Avec ce nouveau roman, qui emprunte son titre aux vers de Verlaine alors emprisonné après sa violente altercation avec Rimbaud, Nathacha Appanah nous parle d’une famille qui va mal. D’une mère et de ses deux enfants.
Loup, un jeune homme fragile, introverti qui fait des rimes quand il panique et avale des kilomètres de course à pied quand il s’agit de se calmer, vient de rejoindre le quartier mineurs d’une maison d’arrêt.
A 17 ans, le jeune homme a pris la voiture de sa mère pour rejoindre sa soeur, Paloma, qu’il n’a pas vu depuis dix ans. A contre-sens sur l’autoroute, il cause un accident.
Sa soeur a quitté le domicile familial au même âge que lui. Elle lui avait promis qu’elle serait revenue le chercher… Les années ont passé. Loup en prison, Phénix, sa mère, appelle sa fille. Car Loup ne veut voir que Paloma. Et le passé remonte.
Celui de Phénix, quand elle s’appelait encore Eliette et que sa beauté en faisant une petite fille à part, surprotégée par ses parents, hissée sur un piédestal qu’elle choisira de détruire un jour. Pour se protéger, pour fuir, pour vivre sa vie. Elle fera deux enfants avec deux hommes différents. Deux enfants qu’elle a toujours aimé de loin, sans tendresse ni mots qui expliquent.
Le mal-être se transmet-il ? L’enfermement se traduit-il seulement par des murs ? Autant de questions auxquelles essaye de répondre ce roman social qu’on lit d’une traite, dans un souffle.
Extraits
Pages 26-27 : « Le jour se termine quand la femme en chemise de nuit blanche se réveille, trempée de sueur. L’image de ses deux enfants qui disparaissent dans la terre est encore nette et l’angoisse ressentie dans son rêve est là, dans son ventre, le long de son dos, sur toute la surface de son crâne. Phénix aime à croire qu’elle occupe enfin la place qui lui est réservée dans ce monde et cette place-là ne lui a pas été offerte sur un plateau, oh non : elle est forte, elle est sûre d’elle, elle n’aime pas les trouillards et les femmelettes, elle élève seule son fils, elle peut parler de mécanique avec n’importe quel péquenaud du coin, elle a une haute tolérance à la douleur, elle se méfie des gens trop polis et elle ne pleure plus. Jamais. »
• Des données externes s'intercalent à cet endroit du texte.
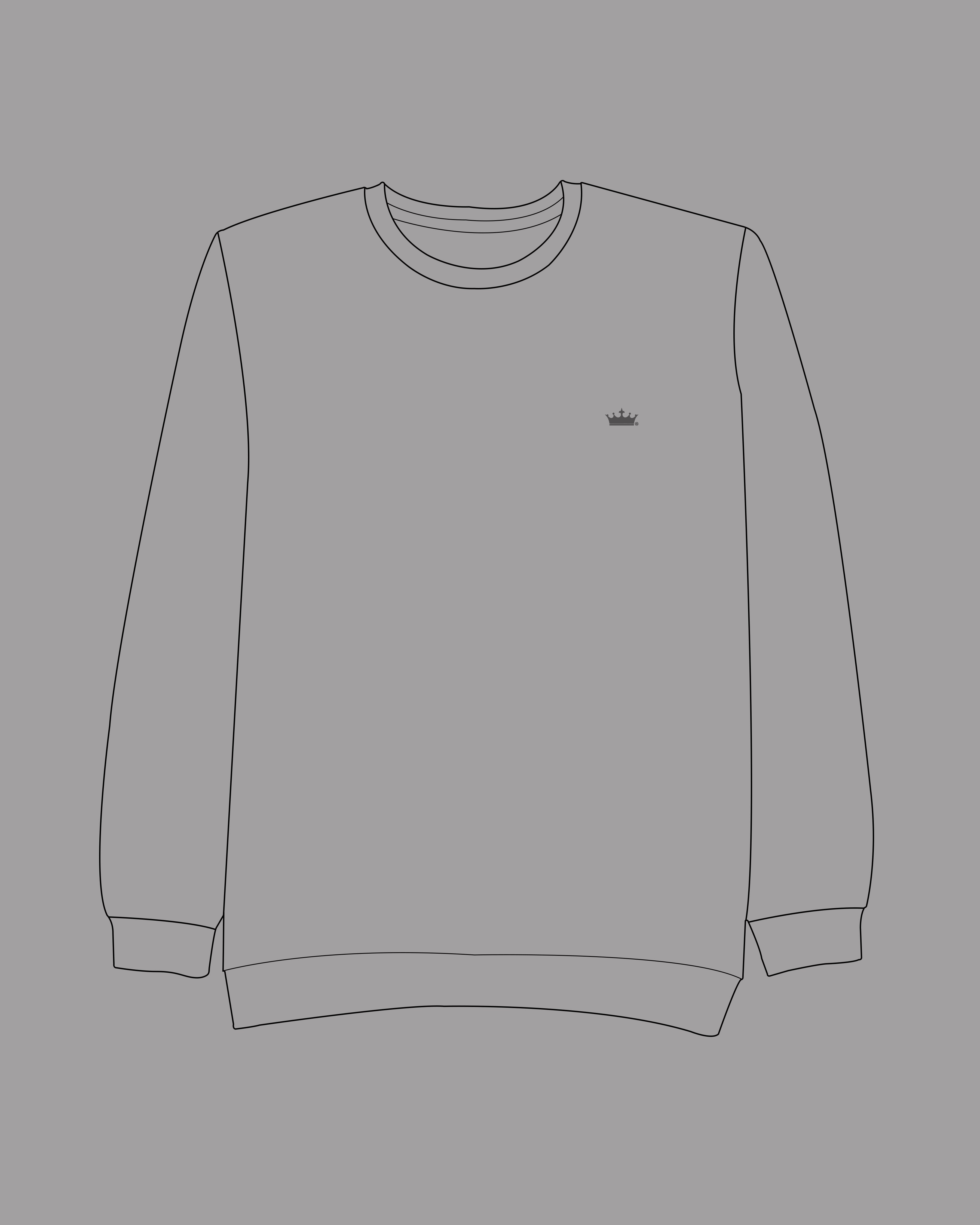Jade Black with Saffron and White Block Pattern Premium Interlock Cotton Fabric Sweatshirt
Page 92 : « Tant de choses peuvent changer en dix ans, n’est-ce pas ? Il y a Paloma qui n’a jamais remis les pieds dans la maison de son enfance. Elle n’a pas oublié son frère dont elle rêve régulièrement mais le temps a gommé son angoisse et sa culpabilité de l’avoir laissé là-bas. Elle a écrit, souvent, elle a essayé d’appeler, plusieurs fois, et ensuite, c’est la lassitude qui a gagné. Elle était toujours celle qui essayait, qui tentait, qui demandait pardon, qui proposait une visite, mais combien de temps est-ce qu’on peut être comme ça, à genoux, la tête baissée, à attendre une réponse ? Paloma travaille désormais. Sa vie est claire avec des touches pastel. Elle voudrait des emportements, elle voudrait faire comme les autres, ces élans, ces cris, ces baisers, cette rage à vivre sa jeunesse mais elle ne peut pas, elle s’efforce d’être ici, un peu, assez mais pas trop, et c’est comme si elle était une stagiaire dans sa propre existence, en attendant d’y être confirmée. En attendant mieux, cette vie est parfaitement supportable. »
Page 119 : « Bien sûr que Loup se souvient de cette nuit où il a roulé et roulé encore, passé sans encombre les péages et il avait mis une radio où les gens appelaient pour passer leur musique préférée ou pour dire à lui à elle à eux combien ils étaient aimés, combien leur absence pesait, combien leur présence comblait. Loup conduisait, il avait fait le plein aussi, il connaissait ces choses-là, il avait vu sa mère faire plusieurs fois ça entrait en lui simplement ces gestes-là, il lui suffisait de regarder, c’était comme à la maison quand il fallait réparer les petites choses il savait faire sans même qu’on lui dise comment.
Et c’est vrai que la peur était apparue quand il était sorti de l’autoroute et après c’est le juge qui le dit le mieux : à contresens, carambolage, accident grave évité de justesse, refus de suivre les gendarmes, tentative de fuite à travers champs. »
« Le ciel par-dessus le toit », Nathacha Appanah, Gallimard, 14€.